-- Working data --
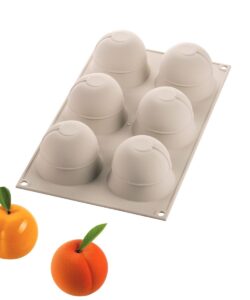 Silikomart Siliconen Mal Perzik ø6,2x5,5cm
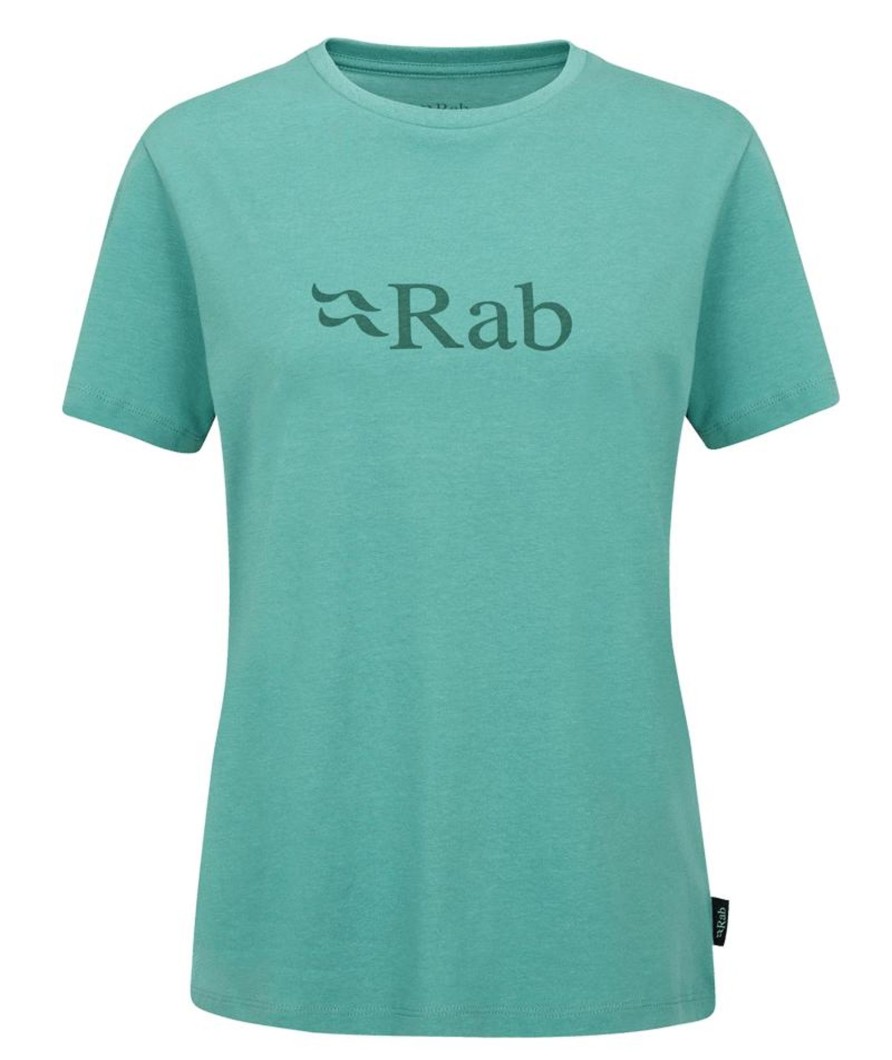 Clothing Rab T Shirts & Base Layers | Rab Womens Tuku Logo Tee - Glacier Blue Green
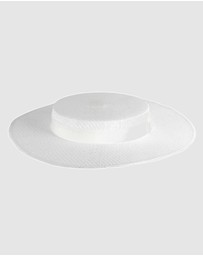 Max Alexander - White Boater Hat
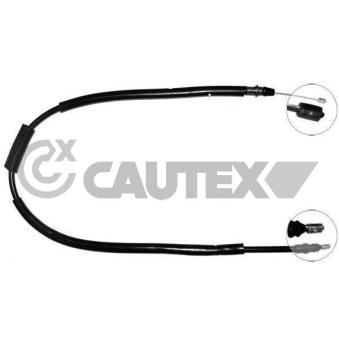 Tirette à câble, frein de stationnement CAUTEX 762377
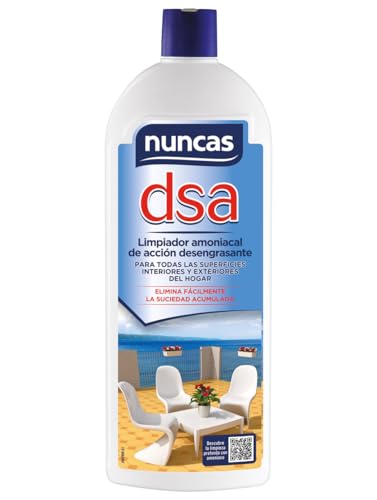 Nuncas DSA - Limpiador Amoniacal de Acción Desengrasante Para Superficies Interiores e Extoriores - 1000ml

-- What the task requires --
The expected output is an exact copy of the lines from the one with "Tirette à câble, frein" to the final line of the entries above, pictures excepted; please include both ends.

-- Answer below --
 Tirette à câble, frein de stationnement CAUTEX 762377
 Nuncas DSA - Limpiador Amoniacal de Acción Desengrasante Para Superficies Interiores e Extoriores - 1000ml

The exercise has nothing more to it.